Tuesday, January 02, 2018

Hyperactive detection device

Humans evolved a Hypersensitive Agency Detection Device (HADD). Most humans seem to be hardwired to believe that agents explain various facts; this tendency seems to include all sorts of invisible agents, including God, gods, ghosts, and so forth. The advance of science has systematically reduced the need to invoke invisible agents, by providing naturalistic explanations for things previously explained by invisible agents.

Why does the the relatively new discipline of cognitive science of religion support the claim that we have a Hyperactive Agency Detection Device (HADD), which causes human beings to naturally form beliefs about invisible agents? Considering HADD’s poor track record of producing true beliefs about invisible agents in general, why should we trust it when it produces a belief about one invisible agent, the God of theism?

i) Jeff states this as if it's a fact, which Christians (or theists) must explain. However, this is just a postulate of evolutionary psychology. Have cognitive scientists isolated and identified a HADD mechanism in the brain? Where in the brain can this device be found? What's the physical structure of this device? 

ii) If they can't locate HADD in the brain, then aren't they guilty of inferring an indetectable cause? But in that event, the HADD postulate is in itself a prime example of hypersensitive agency detection. So the postulate is self-refuting. 

iii) Does HADD have a poor track record? Has scientific progress systematically reduced the need to invoke invisible agents? 

Let's consider some examples of HADD. Forensic scientists who infer a murderer from circumstantial evidence. Inferring that invisible pathogens (bacteria, viruses) cause disease. Inferring that rats carrying fleas carrying bacteria are the cause of Bubonic plague. Inferring that some infections are caused by waterborne pathogens (e.g. cholera, salmonella). Or airborne diseases (e.g. TB). Or radiation poisoning.  

Inferring that some snakes are dangerous due to the chemical composition of venom. Or box jellyfish. Or death by nerve agents (e.g. sarin).  

Inferring that visible objects are composed of invisible molecules, atoms, subatomic particles and energy fields.
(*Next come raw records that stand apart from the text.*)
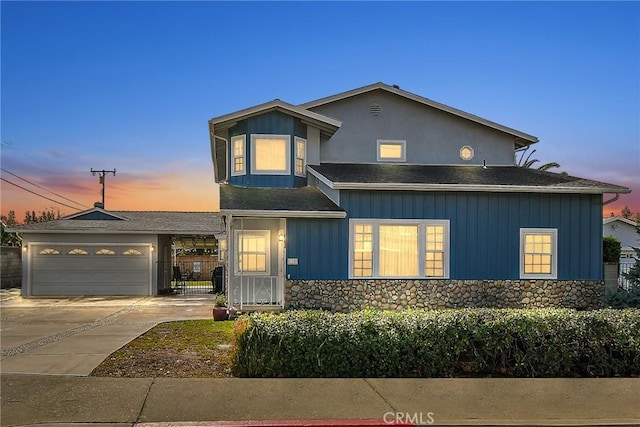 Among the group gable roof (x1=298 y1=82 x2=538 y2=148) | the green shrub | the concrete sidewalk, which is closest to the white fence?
gable roof (x1=298 y1=82 x2=538 y2=148)

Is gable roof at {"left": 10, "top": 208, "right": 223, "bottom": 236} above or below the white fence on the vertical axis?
above

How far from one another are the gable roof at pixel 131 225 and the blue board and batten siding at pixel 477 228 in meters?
9.18

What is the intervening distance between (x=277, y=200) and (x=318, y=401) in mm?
9591

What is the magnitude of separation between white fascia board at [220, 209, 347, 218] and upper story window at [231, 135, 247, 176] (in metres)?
2.97

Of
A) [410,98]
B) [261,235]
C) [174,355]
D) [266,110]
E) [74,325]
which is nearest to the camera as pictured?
[174,355]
Inferring that objects fall to earth due to the invisible force of gravity. 

What about inferring that a landscape was produced by invisible past events like erosion and volcanic action? 

What about a farmer who infers that a weasel killed his chickens at night, or wolves killed his sheep at night, based on footprints and bloody remains? 

Jeff might object that some of these factors aren't "agents" in the technical sense of personal agents, but the general principle is the same. Inferring an invisible cause for a visible effect. Is the hypothetical HADD postulate confined to personal agents, or is that just a special case of the general human tendency to trace many outcomes back to invisible factors? Invisible in time, place, or scale? 

If Jeff and other like-minded atheists try to confine the principle to personal agency, that's special pleading. An ad hoc restriction on a general principle to artificially target supernatural explanations while exempting naturalistic alternatives. Jeff has a bad habit of compartmentalizing issues.  

iv) Even assuming that we're hardwired to detect invisible agency, why would that be the case unless it conferred a survival advantage? Wouldn't that be truth-conducive? Isn't that how Darwinians attempt to deflect Plantinga's evolutionary argument against naturalism?